= Seed Mob =

Indigenous climate change organisation

Seed Mob, officially Seed Indigenous Youth Climate Network Ltd and also known simply as Seed, is an independent Indigenous youth climate network in Australia. Established in 2014, it is led by Aboriginal and Torres Strait Islander young people and relies on donations by supporters and partners who align with their values. In 2018 Seed released the documentary film Water is Life, which highlighted the dangers of fracking in the Northern Territory.

== History ==
Seed, established in 2014, is Australia's first Indigenous youth climate network, co-founded by South Sea Islander / Bundjalung woman Amelia Telford and Larissa Baldwin-Roberts (who later became CEO of political activist group GetUp!), initially as a branch of the Australian Youth Climate Coalition.

Telford was NAIDOC Youth of the Year in 2014, when she was Indigenous Coordinator for the Australian Youth Climate Coalition, and planning to expand the Indigenous program to train and mentor around 50 Indigenous young people across the country. She was also awarded Bob Brown's 2015 Young Environmentalist for the Year award, and Australian Geographic Young Conservationist of the Year in 2015.

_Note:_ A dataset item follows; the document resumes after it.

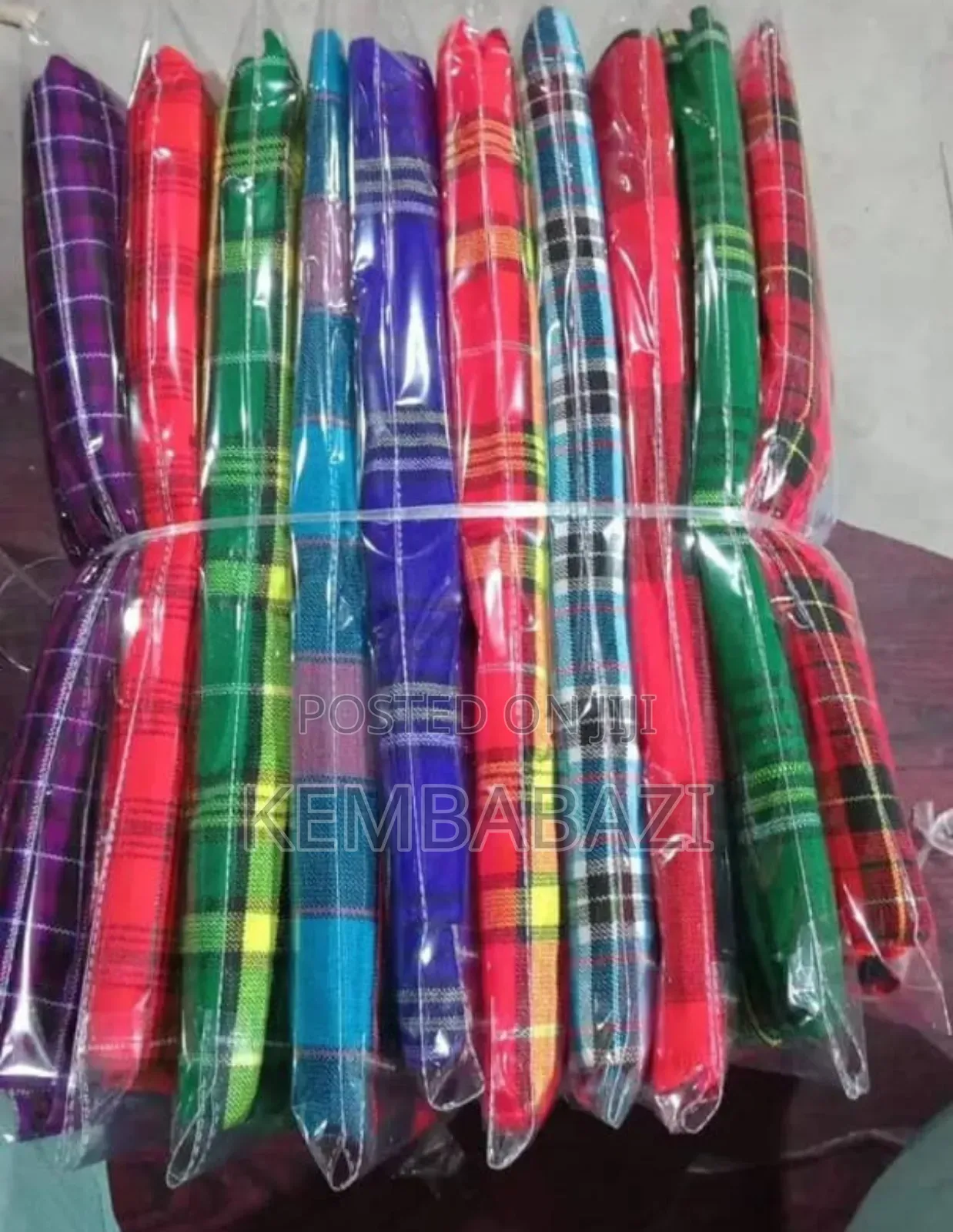The Masai Shuka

In 2018, Seed released the documentary short film Water is Life, which showed the dangers of fracking in the Northern Territory. It was filmed over two years and funded by supporters. The team travelled to North Dakota, US, where they talked to native American community member Kandi Mosset, who is featured in the film showing how fracking has impacted their community since its inception in 2006. In the film, community leaders in Borroloola relate the impact of climate change on bush foods, among other things.

In August 2020, Seed became an independent entity, registered with the ACNC as Seed Indigenous Youth Climate Network Ltd. With the new status, the board would comprise only First Nations people, and the number of paid staff was increased.

==Description==
Seed Mob is an Indigenous youth climate network in Australia, led by Aboriginal and Torres Strait Islander young people. It does not accept government funding, and all potential donors are screened to ensure that their support aligns with Seed's values. It relies heavily on funding by community members.

Co-founder Amelia Telford, is as of 2021 its national director. As of 2024 Ivan Ingram is chair of the organisation.

Its aims "to build the skills, confidence, and networks of young First Nations people to protect our land, water and future from the impacts of climate change", and amplify First Nations communities' voices in order to lead to solutions to reduce the impact of climate change in Australia.

Seed Mob relies on its network of volunteers, who work to protect country from fossil fuel extraction on sacred land, and support other groups working in climate change activism.

==Campaigns and activism==
Seed has supported other activist groups, such as joining in a flotilla action by the Pacific Climate Warriors in 2014, blocking the Newcastle coal port for a full day.

In 2017, Seed, then in an alliance of 13 environmental groups as part of the Australian Youth Climate Coalition, was successful, after a three-year campaign targeting Australia's four largest banks to rule out funding the Adani coal mine in Queensland (now the Stop Adani campaign), in getting Westpac to change their policies.

By 2017 the group was holding regular protests in Canberra, including one in which hundreds of lanterns spelt out "Land Rights not Mining Rights" on the lawns of Parliament House.

Since Origin Energy announced plans to start gas fracking in the Beetaloo Basin in the Northern Territory in November 2019, Seed has been campaigning against the company's plans. It produced a film about the campaign called Water is Life in 2019.

In 2020, the group supported Gomeroi Traditional Owners in New South Wales in to protest against recent approval of Santos' gas project in Narrabri, which planned to drill 850 wells in the Pilliga forest in north-central NSW. Thousands marched across the country to oppose the billion project.

==Media and global impact==
Since their 2018 documentary Water is Life, the title has become a widely-shared slogan across the world.

In 2019, Hollywood star Leonardo DiCaprio shared a photo on Instagram of the group staging a sit-in at Parliament House, Canberra, calling for the cessation of fracking, coal mining and water sharing.

==Partners==
Seed has investment partnerships with businesses whose values align with the organisation, such as Bank Australia.